Several demonstrations broke out in Christian neighborhoods of Damascus on Tuesday to protest the burning of a Christmas tree near Hama, in central Syria, an AFP journalist said.
“We are demanding the rights of Christians,” the demonstrators chanted in unison as they marched through the streets of Damascus, towards the headquarters of the Orthodox Patriarchate in Bab Sharqi.
Flowing spontaneously from different neighborhoods, they gathered to express their discontent and fears more than two weeks after the takeover of power by an armed coalition led by Islamists who deposed Bashar al-Assad.
The overthrown president posed himself as protector of minorities in a Sunni majority country.

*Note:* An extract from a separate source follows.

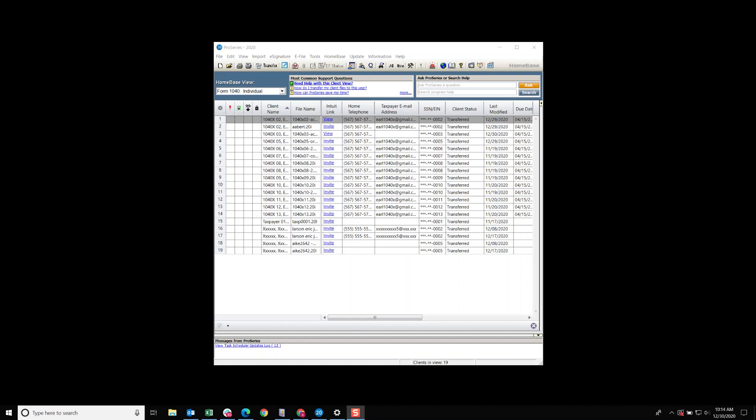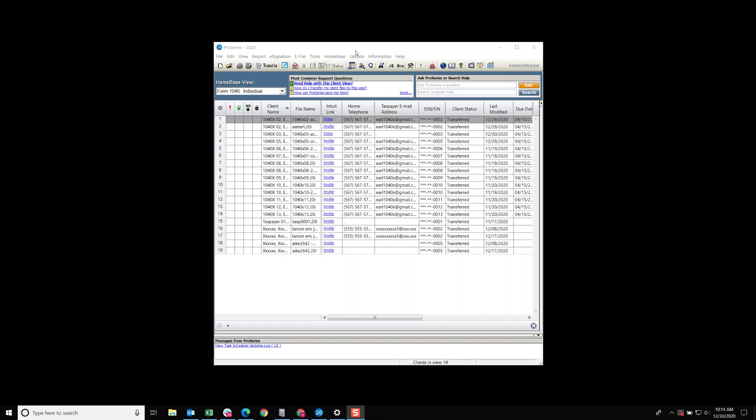So I want to, I sit at workstation 2 and I only want to show the returns that I work on and I'm prepared to. How would I do that?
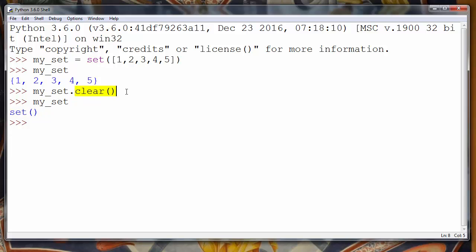So clear method removes all elements from a set in Python programming language. That's all for this lesson. Thanks for watching. Happy coding!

“We are going down, because there is a lot of sectarianism, injustice against Christians, under the cover of “isolated cases”, Georges declared to AFP. If we are not allowed to live our Christian faith in our country, as was the case, then we no longer have our place here,” he added.
Some of them carried wooden crosses, others hoisted the three-star Syrian independence flag, adopted by the new authorities.
These demonstrations broke out after the broadcast on social networks of a video where hooded fighters set fire to the Christmas tree in the predominantly Orthodox Christian town of Suqaylabiyah, near Hama.
According to the Syrian Observatory for Human Rights, the fighters were foreigners from the jihadist group Ansar al-Tawhid.
In another video that has gone viral on social media, a religious leader from the ruling radical Islamist group Hayat Tahrir al-Sham (HTC) is seen addressing local residents, saying that the perpetrators of this act are “not Syrians” and promising them that they will be punished.
“The tree will be restored and lit by tomorrow morning,” he assured, alongside priests and to the cheers of residents who chanted Christian slogans.
Unifying the country fragmented by years of bloody war and where there are numerous factions with divergent allegiances and several religious minorities remains a challenge for HTC.
This former branch of Al-Qaeda, which claims to have renounced jihadism and adopted a more moderate discourse, knows it is being questioned about how it will treat Christian minorities, Alawites and Kurds in particular.
HTC nevertheless finds itself confronted with the presence of numerous foreign fighters, mostly from Central Asia, who had joined its ranks or those of other Islamist and jihadist factions during the conflict after 2011 and continue to pose a major challenge for HTC. ‘organization.